Kids Today

Michelle Singletary is billed as the "Personal Finance Columnist" for the Washington Post; she devoted a recent column to people she called "Bailout Snivelers".

There are two kinds. As we'll see, Michelle conflates the two varieties, calling them both "snivelers". Here are a couple of examples of the first kind:

"How come only those who spend irresponsibly get bailed out?" a reader asked. "As a person who thinks before he spends, I have a lot to be frustrated about these days."

Another reader from Indiana wrote: "Frankly, I'm infuriated. I don't make a ton of money, but I live within my means. I purchased my home eight years ago and just paid my mortgage off this past November. It's extremely frustrating to see us bailing out people who made foolish decisions while many others meet the obligations they agreed to."

This is understandable. When you rob Peter to pay Paul, Peter is understandably pissed. Michelle ignores that minor issue, instead quoting The One like Holy Scripture, and turning her condescension dial up to 11:
"We have lived through an era where, too often, short-term gains were prized over long-term prosperity," Obama said.

I understand that people who did the right thing are frustrated. They saved. They scrimped. They crunched the numbers and bought homes they could afford long term.

I understand their need to have someone pat them on the back.

So consider this your pat.

If Michelle were a man, and tried that line in person, instead of from a newspaper column, I'd bet the "pat" would be returned with a punch in the nose from many.

It gets better, though. Because Michelle is not only condescending, she's very, very tired.

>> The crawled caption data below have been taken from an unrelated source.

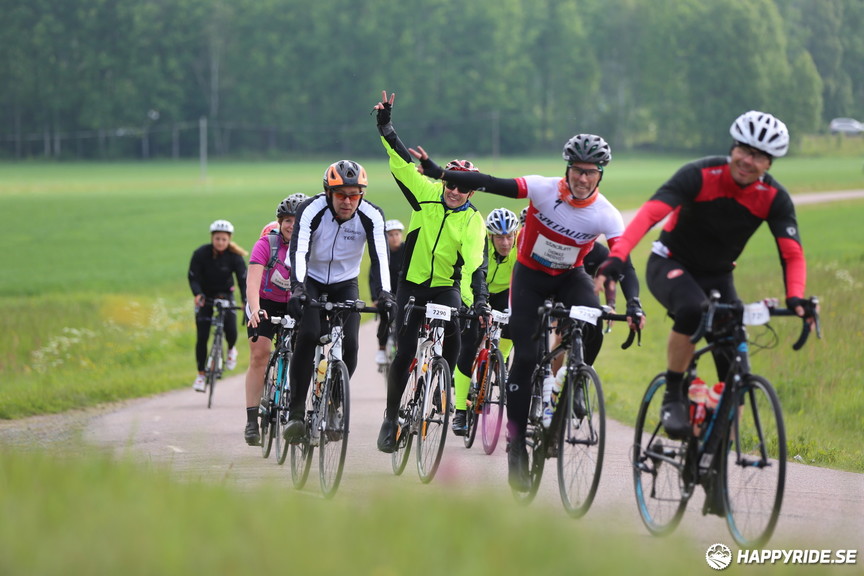 Bild från Vätternrundan 2017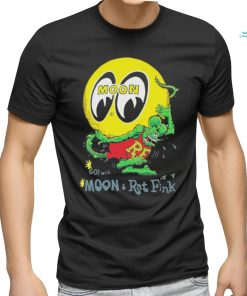 Moon Eyeball Go With Moon And Ratfink Shirt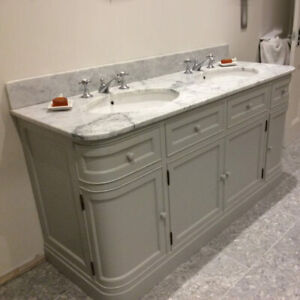 Luxury Hargrave Double Sink Vanity Unit (ANY COLOUR!)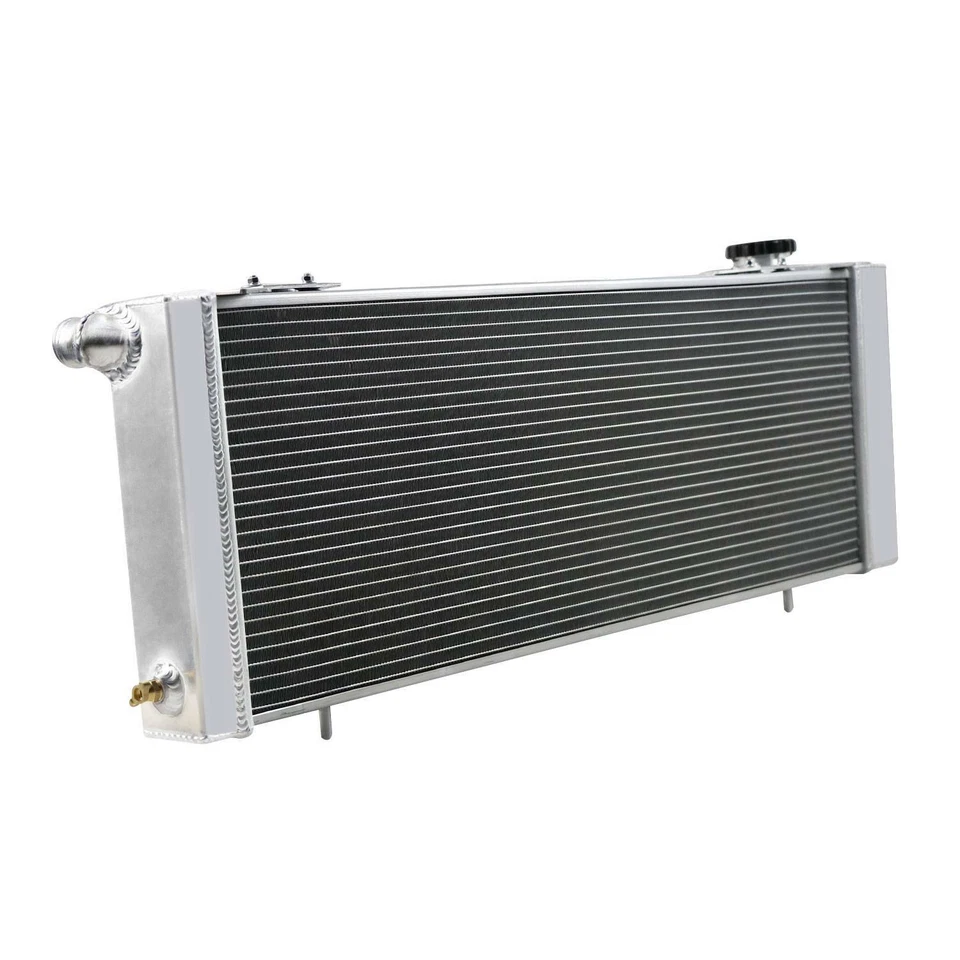 Aluminum Radiator Fit 1991-2001 JEEP Cherokee 2.5L L4 4.0L L6 XJ Comanche Foto 3 de 4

But I'm getting increasingly weary of people carping that they aren't getting a piece of the billions of dollars in debt the federal government is amassing to try to dam up this economic mudslide.

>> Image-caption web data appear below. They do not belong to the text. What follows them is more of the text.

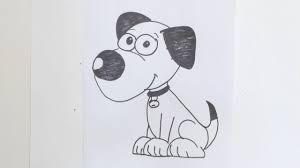 Here presented 53+ puppy cartoon drawing images for free to download, print or share. How To Draw Cartoon Dog Youtube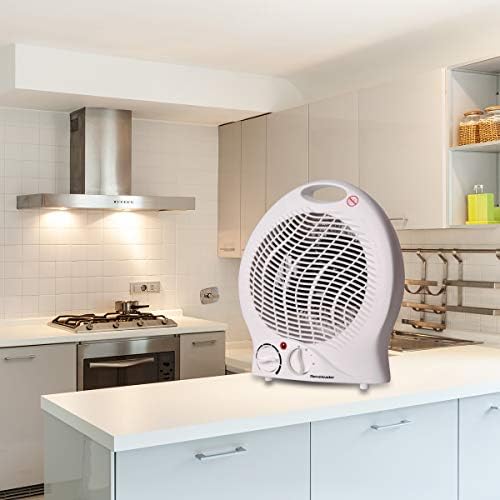 Homeleader Portable Fan Heater with Thermostat 1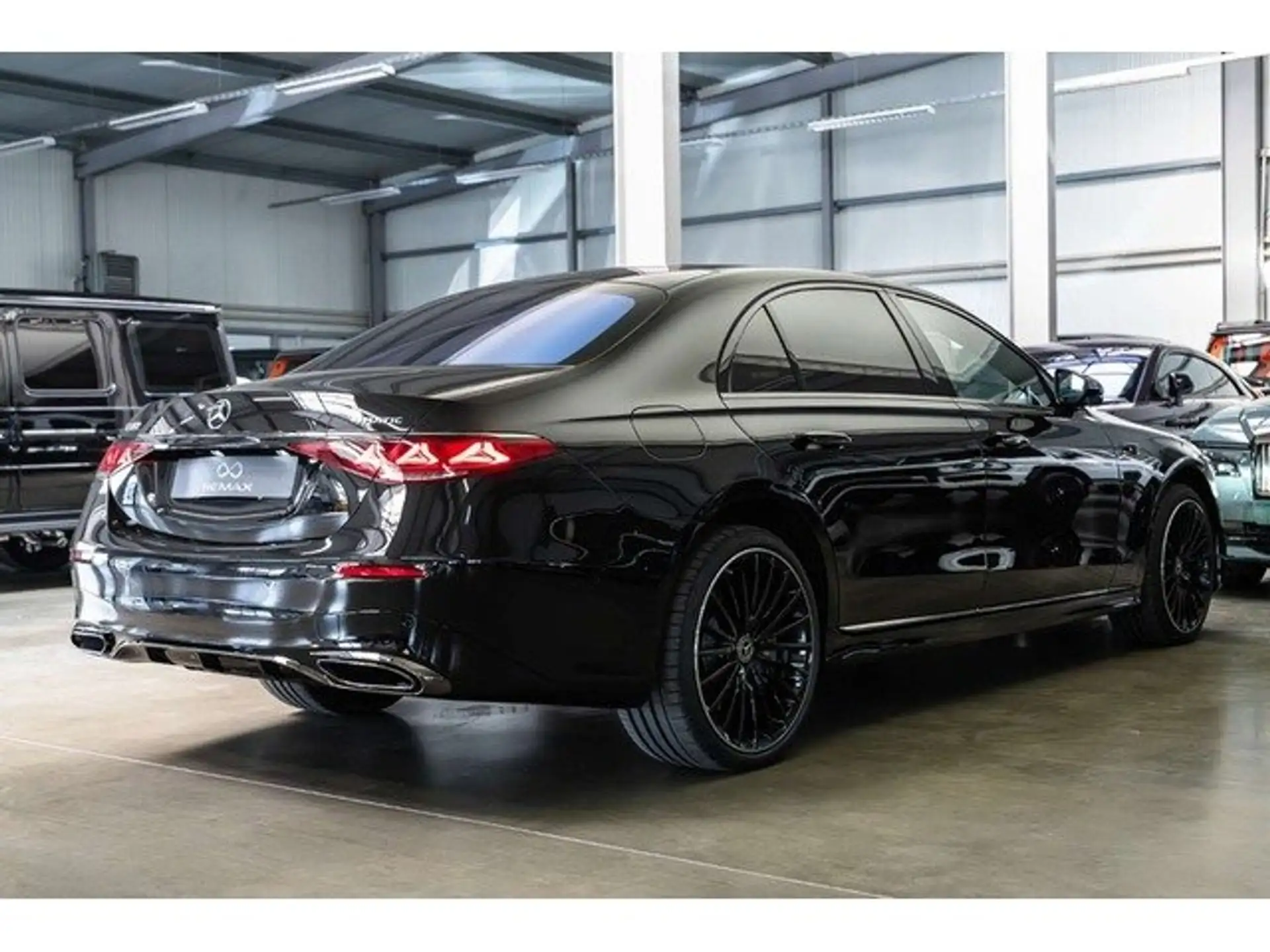 벤츠 S-클래스 S 580 2026 검정 사진 6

These people are suffering from what I call "WAM Syndrome" or "What About Me?" disease.

My children have WAM. I see them looking as I pour juice or cut a piece of pie. They watch closely to see whether their siblings get more. If I give one child a little extra of something, the other two pout and whimper, "What about me?"

But I expect this from children. They often don't understand that sometimes one person -- whether he or she deserves it or not -- will get more. They can't comprehend that life isn't fair.

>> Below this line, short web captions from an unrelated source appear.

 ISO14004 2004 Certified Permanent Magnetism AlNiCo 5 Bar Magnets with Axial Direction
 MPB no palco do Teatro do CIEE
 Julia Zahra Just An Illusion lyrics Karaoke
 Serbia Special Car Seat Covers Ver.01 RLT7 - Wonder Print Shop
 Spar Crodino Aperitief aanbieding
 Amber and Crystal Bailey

Yes, Michelle really is calling people who complain about the inequity of bailing out the irresponsible at the coerced expense of those who played by the rules to be just like her tedious children haggling over pie. And she really is making the dreadful analogy that the relationship between government and governed is like that between juice-pouring Mommy and kids.

She apparently sees nothing wrong with that.

But wait, it gets even better, because Michelle introduces us to Margaret from Massachusetts:

Several readers have complained that they can't take advantage of the new $8,000 first-time home buyer's credit. This is an improvement on a $7,500 tax credit that is really a 15-year, interest-free loan.

Margaret, a first-time home buyer from Massachusetts, said she was outraged that some people will benefit from the $8,000 tax credit, which doesn't have to be paid back.

"I am a single woman who has worked long and hard to finally purchase a home," she wrote. "I purchased a home on July 30, 2008, and await my $7,500 interest-free loan. I was thrilled and grateful that this was offered to me."

After learning about the better tax break, Margaret is no longer grateful.

"I am totally disgusted. I would like justification and an answer to how this administration can justify doing for some and not for all," she wrote. "If you do for one, you must do for all. After all, this is America."

This is the second type of sniveler, significantly different from robbed-Peter irked at paid-Paul. In this case, Mark's being robbed to pay Matthew and Margaret. Margaret eyes Matthew's take suspiciously, and bitter resentment—this is America!—occurs if there's the slightest bit of perceived favoritism there.

And here is where Michelle actually has a point with the analogy to her kids.

Because what group naturally springs to mind when you think of those who receive undeserved benefits from the hard-working?

Sure: children. And we don't mind, because we love 'em, right?

But lesson one from this bailout should be: when you treat people like children—like irresponsible tykes who can't be expected to provide for themselves, who shouldn't bear the burden of their unwise choices, who are utterly dependent on the resources of others…

Why should you be surprised when they act like children?

The pointer to Michelle's column came from Russell Roberts of Cafe Hayek. He has similar comments about just how degrading it is to civil society when mommy-government doles out taxpayer-funded goodies to freeloaders. Bottom line: watch for more Mad Margarets screaming like spoiled brats.